My Week with Marilyn is a coming of age film for the author of the memoir that the film is based on, Colin Clark, but it is also a portrait of class and movie making in 1950s Britain. My Week with Marilyn lovingly depicts the flaws, foibles and best attributes of such famous people as Sybil Thorndyke, who was played by Judi Dench, Paula Strasberg, who was played by Zoe Wanamaker, Arthur Miller, who was played by Dougray Scott, Laurence Olivier, who was played by Kenneth Branagh, Vivien Leigh, played by Julia Ormond, and of course, Marilyn Monroe, who was played by Michelle Williams. My Week with Marilyn shows how each person is completely special and maddening and how together they could drive each other nuts without intending to. There is also a sense that people project themselves onto Colin and desperately, futile and jealously try to save him from what they have already experienced.
I was most impressed with Dench’s performance (duh) because she simultaneously presented excellence and professionalism, a generous understanding when others did not behave like her on set and a quick instinct when it was appropriate to hide someone’s flaws or rebuke them. Dear Lord, when I grow up, I want to be My Week with Marilyn’s Sybil Thorndyke.
I just saw The Boys from Brazil so I can say that Branagh got the rhythm of Olivier’s voice perfectly, but not sure about the accent.

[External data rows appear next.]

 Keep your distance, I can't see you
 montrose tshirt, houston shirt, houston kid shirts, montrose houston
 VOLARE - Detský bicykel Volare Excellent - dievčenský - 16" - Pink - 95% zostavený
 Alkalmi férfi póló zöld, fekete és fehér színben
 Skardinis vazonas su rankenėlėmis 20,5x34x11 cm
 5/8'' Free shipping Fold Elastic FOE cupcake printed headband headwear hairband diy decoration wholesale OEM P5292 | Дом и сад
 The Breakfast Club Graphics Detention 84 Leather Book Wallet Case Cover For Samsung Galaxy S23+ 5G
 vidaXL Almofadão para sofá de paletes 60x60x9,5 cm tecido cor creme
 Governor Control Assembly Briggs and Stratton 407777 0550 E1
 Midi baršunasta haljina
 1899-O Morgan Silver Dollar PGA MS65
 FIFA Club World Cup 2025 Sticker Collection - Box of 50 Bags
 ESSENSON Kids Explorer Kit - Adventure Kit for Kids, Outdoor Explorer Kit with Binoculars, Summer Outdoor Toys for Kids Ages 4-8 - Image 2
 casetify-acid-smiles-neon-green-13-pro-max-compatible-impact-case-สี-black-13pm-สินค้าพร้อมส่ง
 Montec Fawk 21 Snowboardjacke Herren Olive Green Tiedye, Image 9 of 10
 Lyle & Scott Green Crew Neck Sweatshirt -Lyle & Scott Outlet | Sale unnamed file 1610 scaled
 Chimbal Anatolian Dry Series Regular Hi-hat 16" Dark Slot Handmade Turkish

Who cares? We got Branagh. I’m happy that Scott got a better job than usual because he seems to be slumming it. We all have bills. Eddie Redmayne is becoming one of those actors that always gives such a good performance that you take it for granted and don’t even mention him. Ditto for Michelle Williams who knows when to be helpless, to be a star and to put her foot down.
My Week with Marilyn is a must see period piece that is simultaneously a sympathetically dishy memoir about movie stars and finding yourself.